ENTRY 043: Arindov Space
Among the stranger corners of the Mesh are sites where atypical sensory interfaces predominate. Vision, sound, and touch/contact have been utilized in some combination for communications for centuries, but in post-Fall days there are entire segments of the Mesh where the primary sensory interface is somewhat stranger and more exotic—where infomorphs communicate via scents and tastes, artificially remixed and released in bursts of intensity and duration, or augmented reality zones which feed information that can only be interpreted by transhumans with t-ray emitter/receivers, or at least a compatible app that either allows them to interpret the data or translates it to their existing sensory spectrum.
The most populous of these sensory interface zones is Arindov Space, a mixed virtual/augmented reality environment based on echolocation, located in a lightless open-planning Lunar cavern with a high population density, with nearly thirty thousand physical inhabitants in 3.0 cubic kilometers of space. All boundaries and perimeters in the cavern (aside from the outer walls) are defined by virtual constructs, so that the inhabitants and visitors navigate by way of artificial echolocation data. Experienced users navigate in a sea of real-time three-dimensional data, steering them around digitally marked zones as well as real obstacles; new users are generally less able to process the full extent of the echodata being fed to them, but most adapt—or use a cheat app that processes the echodata into a relative audio-visual feed to overlay on their regular vision.
As might be expected, violating this virtual zoning carries with it social penalties. The Arindov Space exists only because of the consensual acceptance and awareness of the virtual borders; without the virtual barriers ameliorating senses of privacy and personal space, the population would probably riot at living packed so closely together. Individuals who purposefully violate virtual barriers face significant social stigma (and corresponding rep loss), but for some—particularly visitors—the relative freedom that comes from ignoring the artificial spatial constraints outweighs the social cost.

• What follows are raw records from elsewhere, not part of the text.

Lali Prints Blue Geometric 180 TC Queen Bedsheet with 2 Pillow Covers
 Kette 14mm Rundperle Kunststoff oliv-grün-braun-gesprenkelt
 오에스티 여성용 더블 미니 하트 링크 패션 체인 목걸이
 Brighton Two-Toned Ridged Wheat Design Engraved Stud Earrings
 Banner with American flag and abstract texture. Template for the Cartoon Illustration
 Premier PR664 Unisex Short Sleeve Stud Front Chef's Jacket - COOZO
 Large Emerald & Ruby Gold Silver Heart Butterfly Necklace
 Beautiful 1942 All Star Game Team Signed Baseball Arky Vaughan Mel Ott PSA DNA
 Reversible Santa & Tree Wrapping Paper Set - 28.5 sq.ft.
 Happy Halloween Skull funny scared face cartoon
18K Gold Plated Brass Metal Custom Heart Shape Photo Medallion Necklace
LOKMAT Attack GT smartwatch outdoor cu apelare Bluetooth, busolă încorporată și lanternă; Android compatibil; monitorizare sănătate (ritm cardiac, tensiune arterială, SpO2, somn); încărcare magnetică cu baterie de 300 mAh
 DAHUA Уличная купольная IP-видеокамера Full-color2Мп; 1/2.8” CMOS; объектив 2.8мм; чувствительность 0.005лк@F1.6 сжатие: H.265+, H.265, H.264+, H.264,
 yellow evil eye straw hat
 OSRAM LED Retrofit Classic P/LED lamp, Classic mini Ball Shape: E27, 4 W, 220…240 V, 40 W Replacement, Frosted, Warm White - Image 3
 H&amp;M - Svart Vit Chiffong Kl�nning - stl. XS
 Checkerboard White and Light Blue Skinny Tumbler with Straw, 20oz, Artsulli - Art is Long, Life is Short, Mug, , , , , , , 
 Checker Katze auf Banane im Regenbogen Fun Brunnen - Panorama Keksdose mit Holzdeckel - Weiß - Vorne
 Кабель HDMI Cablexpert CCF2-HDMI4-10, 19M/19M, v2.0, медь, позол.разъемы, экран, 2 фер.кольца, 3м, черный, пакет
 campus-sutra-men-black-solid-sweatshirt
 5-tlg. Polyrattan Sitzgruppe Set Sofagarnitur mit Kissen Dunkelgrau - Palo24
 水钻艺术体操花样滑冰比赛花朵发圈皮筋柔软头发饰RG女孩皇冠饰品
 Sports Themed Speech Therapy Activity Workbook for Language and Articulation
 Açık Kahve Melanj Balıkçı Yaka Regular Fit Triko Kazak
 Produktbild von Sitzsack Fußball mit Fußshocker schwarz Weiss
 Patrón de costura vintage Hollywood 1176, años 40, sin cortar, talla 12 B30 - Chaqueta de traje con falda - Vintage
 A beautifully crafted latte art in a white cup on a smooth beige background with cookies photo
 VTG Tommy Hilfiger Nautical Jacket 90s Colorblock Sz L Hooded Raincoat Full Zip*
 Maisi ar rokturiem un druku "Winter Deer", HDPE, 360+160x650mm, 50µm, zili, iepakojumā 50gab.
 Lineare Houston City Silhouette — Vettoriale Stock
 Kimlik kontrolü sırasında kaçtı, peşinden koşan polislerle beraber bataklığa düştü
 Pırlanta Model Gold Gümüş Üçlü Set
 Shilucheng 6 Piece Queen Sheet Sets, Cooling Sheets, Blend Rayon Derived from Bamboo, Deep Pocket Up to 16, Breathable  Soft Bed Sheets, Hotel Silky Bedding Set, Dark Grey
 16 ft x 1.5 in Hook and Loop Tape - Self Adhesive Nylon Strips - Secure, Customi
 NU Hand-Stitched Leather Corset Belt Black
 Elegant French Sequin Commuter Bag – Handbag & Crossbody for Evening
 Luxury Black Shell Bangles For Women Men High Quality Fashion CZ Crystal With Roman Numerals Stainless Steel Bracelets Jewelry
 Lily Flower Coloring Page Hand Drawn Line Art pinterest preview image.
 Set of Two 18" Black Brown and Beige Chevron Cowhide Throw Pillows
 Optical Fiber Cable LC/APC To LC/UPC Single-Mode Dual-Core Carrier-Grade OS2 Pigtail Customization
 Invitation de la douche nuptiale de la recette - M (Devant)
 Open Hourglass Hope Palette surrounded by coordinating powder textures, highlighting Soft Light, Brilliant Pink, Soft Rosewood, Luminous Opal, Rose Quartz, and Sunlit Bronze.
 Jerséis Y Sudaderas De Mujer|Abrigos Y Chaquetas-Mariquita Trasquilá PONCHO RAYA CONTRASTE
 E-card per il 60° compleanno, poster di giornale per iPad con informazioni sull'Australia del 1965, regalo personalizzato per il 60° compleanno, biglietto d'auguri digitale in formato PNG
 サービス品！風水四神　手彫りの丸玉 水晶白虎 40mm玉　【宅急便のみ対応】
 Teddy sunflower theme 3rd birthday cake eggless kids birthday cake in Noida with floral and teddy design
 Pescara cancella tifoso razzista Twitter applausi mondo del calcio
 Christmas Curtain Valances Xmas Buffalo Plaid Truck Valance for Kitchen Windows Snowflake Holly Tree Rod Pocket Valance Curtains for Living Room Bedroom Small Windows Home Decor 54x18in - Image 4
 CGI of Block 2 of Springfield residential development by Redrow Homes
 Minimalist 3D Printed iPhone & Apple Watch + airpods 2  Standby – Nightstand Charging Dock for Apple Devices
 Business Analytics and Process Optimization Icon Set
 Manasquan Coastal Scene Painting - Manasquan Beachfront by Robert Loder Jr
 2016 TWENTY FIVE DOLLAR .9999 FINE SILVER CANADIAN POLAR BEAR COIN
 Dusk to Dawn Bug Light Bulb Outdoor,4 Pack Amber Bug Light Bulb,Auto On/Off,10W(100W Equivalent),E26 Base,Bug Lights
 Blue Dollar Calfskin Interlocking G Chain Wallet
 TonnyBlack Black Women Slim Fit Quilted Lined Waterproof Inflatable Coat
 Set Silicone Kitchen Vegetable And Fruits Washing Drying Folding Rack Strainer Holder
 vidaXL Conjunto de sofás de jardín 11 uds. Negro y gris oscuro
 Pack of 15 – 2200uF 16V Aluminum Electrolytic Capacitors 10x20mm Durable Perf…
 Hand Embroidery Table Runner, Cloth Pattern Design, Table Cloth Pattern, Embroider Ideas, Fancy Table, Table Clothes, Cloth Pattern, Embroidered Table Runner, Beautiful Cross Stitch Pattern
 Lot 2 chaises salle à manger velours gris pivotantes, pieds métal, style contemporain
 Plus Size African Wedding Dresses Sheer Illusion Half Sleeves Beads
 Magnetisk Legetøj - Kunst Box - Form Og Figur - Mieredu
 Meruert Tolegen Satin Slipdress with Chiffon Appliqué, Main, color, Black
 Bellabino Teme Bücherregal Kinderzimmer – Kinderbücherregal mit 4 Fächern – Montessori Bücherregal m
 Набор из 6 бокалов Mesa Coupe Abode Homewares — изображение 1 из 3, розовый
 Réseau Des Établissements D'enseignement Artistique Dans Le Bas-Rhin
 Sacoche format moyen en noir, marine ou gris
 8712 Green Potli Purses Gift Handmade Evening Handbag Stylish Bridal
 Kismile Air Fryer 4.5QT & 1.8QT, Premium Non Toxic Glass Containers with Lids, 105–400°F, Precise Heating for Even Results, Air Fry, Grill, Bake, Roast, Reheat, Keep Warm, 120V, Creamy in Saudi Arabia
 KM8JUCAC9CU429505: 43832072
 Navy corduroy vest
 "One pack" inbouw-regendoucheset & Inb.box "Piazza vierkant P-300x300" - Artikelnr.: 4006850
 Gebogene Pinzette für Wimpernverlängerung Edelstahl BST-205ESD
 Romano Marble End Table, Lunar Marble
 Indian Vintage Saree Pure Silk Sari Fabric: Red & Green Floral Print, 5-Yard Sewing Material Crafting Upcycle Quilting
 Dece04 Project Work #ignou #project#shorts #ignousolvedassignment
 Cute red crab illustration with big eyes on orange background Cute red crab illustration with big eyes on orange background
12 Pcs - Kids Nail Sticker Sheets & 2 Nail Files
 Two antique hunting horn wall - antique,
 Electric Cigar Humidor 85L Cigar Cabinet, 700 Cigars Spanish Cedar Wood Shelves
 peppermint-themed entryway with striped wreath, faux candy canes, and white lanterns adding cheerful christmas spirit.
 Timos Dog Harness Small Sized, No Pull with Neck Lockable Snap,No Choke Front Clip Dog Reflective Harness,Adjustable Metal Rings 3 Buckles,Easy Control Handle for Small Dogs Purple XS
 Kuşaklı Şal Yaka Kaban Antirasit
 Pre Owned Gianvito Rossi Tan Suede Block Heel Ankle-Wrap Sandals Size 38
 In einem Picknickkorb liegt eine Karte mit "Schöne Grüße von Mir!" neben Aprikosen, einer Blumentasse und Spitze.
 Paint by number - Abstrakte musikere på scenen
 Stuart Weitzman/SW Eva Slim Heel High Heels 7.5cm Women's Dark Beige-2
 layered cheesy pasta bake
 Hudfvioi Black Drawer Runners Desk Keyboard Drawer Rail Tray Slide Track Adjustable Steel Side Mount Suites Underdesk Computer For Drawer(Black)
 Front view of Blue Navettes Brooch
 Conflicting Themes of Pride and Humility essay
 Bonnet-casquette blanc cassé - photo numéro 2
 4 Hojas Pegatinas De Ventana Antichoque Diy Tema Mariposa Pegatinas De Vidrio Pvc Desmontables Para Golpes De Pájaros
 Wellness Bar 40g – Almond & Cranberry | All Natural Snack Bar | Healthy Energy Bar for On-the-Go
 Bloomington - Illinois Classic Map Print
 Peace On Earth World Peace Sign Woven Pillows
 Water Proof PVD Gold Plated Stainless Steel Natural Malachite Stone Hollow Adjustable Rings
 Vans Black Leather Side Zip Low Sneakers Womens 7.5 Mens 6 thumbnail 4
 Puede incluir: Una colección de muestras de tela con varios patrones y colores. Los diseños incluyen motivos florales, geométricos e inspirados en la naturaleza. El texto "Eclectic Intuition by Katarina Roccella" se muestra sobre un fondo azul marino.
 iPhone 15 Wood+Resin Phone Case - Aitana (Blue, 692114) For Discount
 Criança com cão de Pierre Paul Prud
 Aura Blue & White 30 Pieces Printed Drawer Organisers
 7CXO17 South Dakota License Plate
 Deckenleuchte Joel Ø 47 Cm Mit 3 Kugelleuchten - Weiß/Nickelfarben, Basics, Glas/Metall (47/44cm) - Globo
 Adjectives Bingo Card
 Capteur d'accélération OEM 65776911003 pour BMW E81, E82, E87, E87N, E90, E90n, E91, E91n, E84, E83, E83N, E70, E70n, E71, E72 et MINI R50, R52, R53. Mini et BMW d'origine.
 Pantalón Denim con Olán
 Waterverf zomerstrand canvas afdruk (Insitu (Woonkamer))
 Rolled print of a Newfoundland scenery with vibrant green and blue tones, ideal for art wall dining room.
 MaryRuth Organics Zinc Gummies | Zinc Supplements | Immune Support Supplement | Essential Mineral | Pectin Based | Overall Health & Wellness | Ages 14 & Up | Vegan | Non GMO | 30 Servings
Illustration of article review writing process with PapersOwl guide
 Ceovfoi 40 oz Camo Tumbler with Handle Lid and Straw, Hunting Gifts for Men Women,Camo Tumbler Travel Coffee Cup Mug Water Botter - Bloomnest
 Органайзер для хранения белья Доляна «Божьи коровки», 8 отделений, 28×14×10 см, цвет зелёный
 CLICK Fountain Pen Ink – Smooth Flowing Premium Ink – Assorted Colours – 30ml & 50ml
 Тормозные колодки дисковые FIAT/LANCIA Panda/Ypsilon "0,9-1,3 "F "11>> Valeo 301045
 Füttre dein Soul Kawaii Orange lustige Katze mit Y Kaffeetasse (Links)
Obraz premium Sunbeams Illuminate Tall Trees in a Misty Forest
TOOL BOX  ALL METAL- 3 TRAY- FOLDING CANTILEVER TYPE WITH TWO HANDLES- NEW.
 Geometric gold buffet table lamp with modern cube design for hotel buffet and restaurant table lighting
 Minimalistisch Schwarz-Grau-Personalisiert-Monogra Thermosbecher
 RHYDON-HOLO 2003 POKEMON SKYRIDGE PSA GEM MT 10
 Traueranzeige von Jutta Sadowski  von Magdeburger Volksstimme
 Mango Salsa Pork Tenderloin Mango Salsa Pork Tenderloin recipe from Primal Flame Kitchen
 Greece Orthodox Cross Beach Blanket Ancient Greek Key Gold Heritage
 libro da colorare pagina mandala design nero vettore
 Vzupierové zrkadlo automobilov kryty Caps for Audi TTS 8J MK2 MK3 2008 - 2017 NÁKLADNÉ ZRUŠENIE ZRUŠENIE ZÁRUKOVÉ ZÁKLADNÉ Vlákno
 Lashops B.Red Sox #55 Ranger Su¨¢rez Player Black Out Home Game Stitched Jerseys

Most atypical sensory interface portions of the Mesh are designed for public use, and free apps are often readily available to interpret, receive, or translate extraordinary sensory data for new users, or geared to the augmented senses of certain morphs. Some hypercorps maintain more exotic spaces with non-publicly available apps for security reasons, but these are relatively rare because of their limited utility. Attempting to navigate a Mesh or Augmented Reality setting without the appropriate senses or app is equivalent to going in blind—the character is aware of being in the space, but the sensory data manifests only as noise. Mechanically, characters in such spaces receive a -30 penalty to Interfacing Tests if they do not have the appropriate senses or app.
Using Arindov Space
Excessive use of Arindov Space (and similar weird sensory places) is likely to cause frustration; it is recommended that this locale be used sparingly as a spice, to get players and gamemasters to think about their enhanced or augmented senses, and especially to allow characters who have invested in unusual sensory forms to feel “in their element.”